■ Data below:
◆ ◆ ◆ ◆ ◆

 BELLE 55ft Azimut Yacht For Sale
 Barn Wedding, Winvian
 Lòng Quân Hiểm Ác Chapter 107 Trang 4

◆ ◆ ◆ ◆ ◆

Repeat the material word for word, in full.

■ Answer section:
 BELLE 55ft Azimut Yacht For Sale
 Barn Wedding, Winvian
 Lòng Quân Hiểm Ác Chapter 107 Trang 4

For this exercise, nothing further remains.